A una amiga le regalaron hace unas cuantas semanas una oca. Y, para que no se les escapara, la pusieron en el jardín, atándole una pata a un hermoso eucalipto y le colocaron cerca una palangana con agua para que bebiera. Pero el animal era lo suficientemente patoso como para meterse en ella cada vez que bebía y para terminar derramando el agua constantemente. ¿Solución? Atar al animal por el cuello con una cuerda y, luego, colocar el depósito a la suficiente distancia para que la oca pudiera llegar justamente al agua alargando mucho el cuello. Y ahí tenéis al animal estirándose desesperadamente para poder beber.
Cuando pasaron unos cuantos días y se pensó que la oca estaba ya domesticada, la soltaron. Y vieron, con asombro, que acostumbrada a beber estirando el cuello, en lugar de acercarse a la palangana para beber cómodamente, se ponía a distancia suficiente para llegar justamente con el cuello alargadísimo.
Viéndola el otro día, entre risas, pensaba yo en todos esos seres que han estado alguna vez atados y que cuando consiguen la libertad continúan con los vicios, los miedos y las costumbres de cuando les faltaba. Sí, el mundo está lleno de ocas, como la de mi amiga Nieves.

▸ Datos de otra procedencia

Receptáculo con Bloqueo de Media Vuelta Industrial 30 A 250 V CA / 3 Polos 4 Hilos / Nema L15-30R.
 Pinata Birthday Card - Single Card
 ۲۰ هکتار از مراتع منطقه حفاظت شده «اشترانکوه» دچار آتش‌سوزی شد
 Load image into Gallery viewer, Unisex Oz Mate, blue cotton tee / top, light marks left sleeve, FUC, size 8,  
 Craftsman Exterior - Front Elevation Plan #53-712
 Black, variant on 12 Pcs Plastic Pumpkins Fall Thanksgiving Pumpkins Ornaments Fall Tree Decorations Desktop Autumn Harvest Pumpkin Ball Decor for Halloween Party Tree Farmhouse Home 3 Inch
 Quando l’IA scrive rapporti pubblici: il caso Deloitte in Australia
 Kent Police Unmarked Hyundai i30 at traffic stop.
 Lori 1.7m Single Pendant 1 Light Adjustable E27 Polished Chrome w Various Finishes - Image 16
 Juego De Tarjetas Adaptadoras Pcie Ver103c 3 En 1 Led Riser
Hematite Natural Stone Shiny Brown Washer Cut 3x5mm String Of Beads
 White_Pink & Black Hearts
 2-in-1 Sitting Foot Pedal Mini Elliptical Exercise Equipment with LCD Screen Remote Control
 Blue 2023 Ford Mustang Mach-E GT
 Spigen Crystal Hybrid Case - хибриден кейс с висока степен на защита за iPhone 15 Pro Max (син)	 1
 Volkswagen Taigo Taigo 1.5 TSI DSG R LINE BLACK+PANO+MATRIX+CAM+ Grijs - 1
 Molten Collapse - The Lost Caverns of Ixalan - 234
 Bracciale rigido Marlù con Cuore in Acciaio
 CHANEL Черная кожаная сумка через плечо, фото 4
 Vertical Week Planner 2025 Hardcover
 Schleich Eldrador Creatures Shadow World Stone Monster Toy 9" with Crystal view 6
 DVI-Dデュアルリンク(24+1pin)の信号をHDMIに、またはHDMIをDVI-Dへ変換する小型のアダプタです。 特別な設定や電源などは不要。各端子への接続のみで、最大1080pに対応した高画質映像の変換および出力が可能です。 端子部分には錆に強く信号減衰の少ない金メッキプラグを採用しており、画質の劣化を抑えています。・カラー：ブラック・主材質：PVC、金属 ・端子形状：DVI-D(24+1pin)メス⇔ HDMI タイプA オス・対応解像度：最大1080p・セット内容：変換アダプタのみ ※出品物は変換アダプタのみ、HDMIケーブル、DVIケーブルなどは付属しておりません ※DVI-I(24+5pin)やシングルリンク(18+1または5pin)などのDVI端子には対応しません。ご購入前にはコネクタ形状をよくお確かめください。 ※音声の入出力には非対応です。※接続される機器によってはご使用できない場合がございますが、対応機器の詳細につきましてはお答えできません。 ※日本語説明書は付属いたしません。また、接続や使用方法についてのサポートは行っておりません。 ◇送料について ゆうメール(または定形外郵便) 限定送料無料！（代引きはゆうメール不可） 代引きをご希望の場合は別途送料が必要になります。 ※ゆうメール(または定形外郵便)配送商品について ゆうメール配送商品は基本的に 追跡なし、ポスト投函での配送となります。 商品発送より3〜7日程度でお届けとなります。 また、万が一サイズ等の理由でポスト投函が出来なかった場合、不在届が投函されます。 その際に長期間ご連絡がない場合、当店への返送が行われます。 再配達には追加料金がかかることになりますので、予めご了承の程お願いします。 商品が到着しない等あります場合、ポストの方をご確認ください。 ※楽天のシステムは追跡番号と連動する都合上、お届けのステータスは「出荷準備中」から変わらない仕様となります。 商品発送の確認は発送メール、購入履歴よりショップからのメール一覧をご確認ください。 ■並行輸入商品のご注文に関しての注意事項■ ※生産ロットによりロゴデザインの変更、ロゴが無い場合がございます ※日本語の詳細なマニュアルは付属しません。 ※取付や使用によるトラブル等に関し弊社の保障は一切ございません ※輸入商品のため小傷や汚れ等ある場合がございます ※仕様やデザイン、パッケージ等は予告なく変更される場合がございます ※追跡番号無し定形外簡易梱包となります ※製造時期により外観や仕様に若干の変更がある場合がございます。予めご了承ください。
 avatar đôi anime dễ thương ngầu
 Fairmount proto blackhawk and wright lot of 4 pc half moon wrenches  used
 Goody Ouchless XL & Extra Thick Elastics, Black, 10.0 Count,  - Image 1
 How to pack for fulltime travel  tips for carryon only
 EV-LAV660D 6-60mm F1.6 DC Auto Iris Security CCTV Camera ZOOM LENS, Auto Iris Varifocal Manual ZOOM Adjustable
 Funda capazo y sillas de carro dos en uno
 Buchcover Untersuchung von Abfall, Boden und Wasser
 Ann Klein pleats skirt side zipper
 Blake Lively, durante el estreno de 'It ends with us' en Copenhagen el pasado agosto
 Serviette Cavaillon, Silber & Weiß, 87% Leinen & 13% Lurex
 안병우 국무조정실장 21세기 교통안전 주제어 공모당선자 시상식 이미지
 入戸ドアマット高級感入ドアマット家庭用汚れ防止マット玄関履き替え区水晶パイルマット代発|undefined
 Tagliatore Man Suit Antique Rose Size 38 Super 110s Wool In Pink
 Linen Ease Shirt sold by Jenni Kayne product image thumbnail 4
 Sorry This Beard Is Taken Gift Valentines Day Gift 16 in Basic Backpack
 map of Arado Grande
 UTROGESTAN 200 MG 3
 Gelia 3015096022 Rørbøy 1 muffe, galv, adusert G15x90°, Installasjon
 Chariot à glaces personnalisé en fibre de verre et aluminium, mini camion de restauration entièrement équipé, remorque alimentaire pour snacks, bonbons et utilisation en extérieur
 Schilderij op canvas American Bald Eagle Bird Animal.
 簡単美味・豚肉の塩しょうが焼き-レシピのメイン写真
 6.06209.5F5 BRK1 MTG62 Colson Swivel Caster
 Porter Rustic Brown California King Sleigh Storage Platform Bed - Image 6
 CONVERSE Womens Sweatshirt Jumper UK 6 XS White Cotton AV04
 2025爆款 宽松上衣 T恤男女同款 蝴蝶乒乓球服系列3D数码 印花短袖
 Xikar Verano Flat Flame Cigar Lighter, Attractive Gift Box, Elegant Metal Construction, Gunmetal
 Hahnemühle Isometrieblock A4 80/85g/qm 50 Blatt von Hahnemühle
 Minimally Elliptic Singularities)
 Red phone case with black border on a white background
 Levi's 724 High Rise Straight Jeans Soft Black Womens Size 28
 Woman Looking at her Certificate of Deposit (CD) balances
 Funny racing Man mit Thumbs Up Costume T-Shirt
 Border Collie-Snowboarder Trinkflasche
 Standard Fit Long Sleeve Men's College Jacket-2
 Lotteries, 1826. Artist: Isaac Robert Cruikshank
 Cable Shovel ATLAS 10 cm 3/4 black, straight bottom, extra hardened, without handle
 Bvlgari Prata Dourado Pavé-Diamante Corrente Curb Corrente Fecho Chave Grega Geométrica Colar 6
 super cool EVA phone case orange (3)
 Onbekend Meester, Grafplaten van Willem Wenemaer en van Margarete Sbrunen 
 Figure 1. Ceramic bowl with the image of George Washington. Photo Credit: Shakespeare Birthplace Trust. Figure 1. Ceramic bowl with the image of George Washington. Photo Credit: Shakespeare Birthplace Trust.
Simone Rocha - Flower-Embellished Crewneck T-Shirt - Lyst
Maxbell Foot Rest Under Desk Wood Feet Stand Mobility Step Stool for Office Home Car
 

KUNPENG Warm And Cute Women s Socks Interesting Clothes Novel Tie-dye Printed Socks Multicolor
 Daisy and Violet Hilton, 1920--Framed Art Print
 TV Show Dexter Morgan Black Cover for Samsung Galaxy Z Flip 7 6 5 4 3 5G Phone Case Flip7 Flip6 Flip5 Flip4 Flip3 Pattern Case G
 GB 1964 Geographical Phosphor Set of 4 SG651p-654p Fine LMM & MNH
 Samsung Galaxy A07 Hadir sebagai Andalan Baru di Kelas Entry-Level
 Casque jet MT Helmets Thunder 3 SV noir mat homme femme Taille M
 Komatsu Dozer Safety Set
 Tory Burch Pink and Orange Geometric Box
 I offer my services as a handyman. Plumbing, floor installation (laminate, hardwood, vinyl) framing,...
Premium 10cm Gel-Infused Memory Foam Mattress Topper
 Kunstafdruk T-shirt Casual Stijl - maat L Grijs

En España el «síndrome de la oca» se ha convertido en un vicio nacional. Acostumbrados a autocensurarnos, aún escribimos los periodistas con lenguajes alusivos. Los políticos han heredado en la sangre el autoritarismo. Y todos preferimos beber la papilla que nos sirven los telediarios en lugar de tratar de formarnos nuestra propia opinión sobre las cosas.
Pero aún ocurre más en el campo de las personas. Son muchísimos los que a los cuarenta años no parecen haber abandonado psicológicamente las faldas de su mamá. Tiemblan ante una decisión arriesgada. En caso de duda apuestan siempre por lo más cómodo y lo más seguro. Por miedo de pegarse un batacazo, jamás se lanzan a ninguna aventura. Piensan «como está mandado» (es decir, no piensan), viven como los demás, porque siempre son más tranquilos los caminos de siempre que los personales.
Y lo peor es que esta tendencia al autoarrinconamiento suele crecer con los años. Otra amiga a la que yo hablaba un día de la paz interior me escribe así. «Mi paz interior es la de las remolachas: bien enterradita, dulce y para alimentar sólo a sus propias hojas. No es paz, es cobardía. Cada vez me asusta más exponerme a nada que me complique la vida y así es fácil tener paz. A fuerza de ser vulnerable y por instinto de conservación, me he ido enterrando más y más. Nadie me hace daño, pero yo no hago bien a nadie. No vivo: vegeto. Si miro atrás, no sé cómo me he ido acobardando tanto, ni encerrándome tanto en un círculo tan ridículamente pequeño».
Yo creo que mi amiga exagera. Porque lo malo de las ocas cobardes es que ni se dan cuenta de lo que son. Dársela es ya un modo de caminar. Pero es cierto que la vida es demasiado apasionante para dejarnos encadenar por la rutina, limitándonos a beber de la vida desde lejos, cuando está ahí, a nuestro alcance, como un agua abundante y fresca.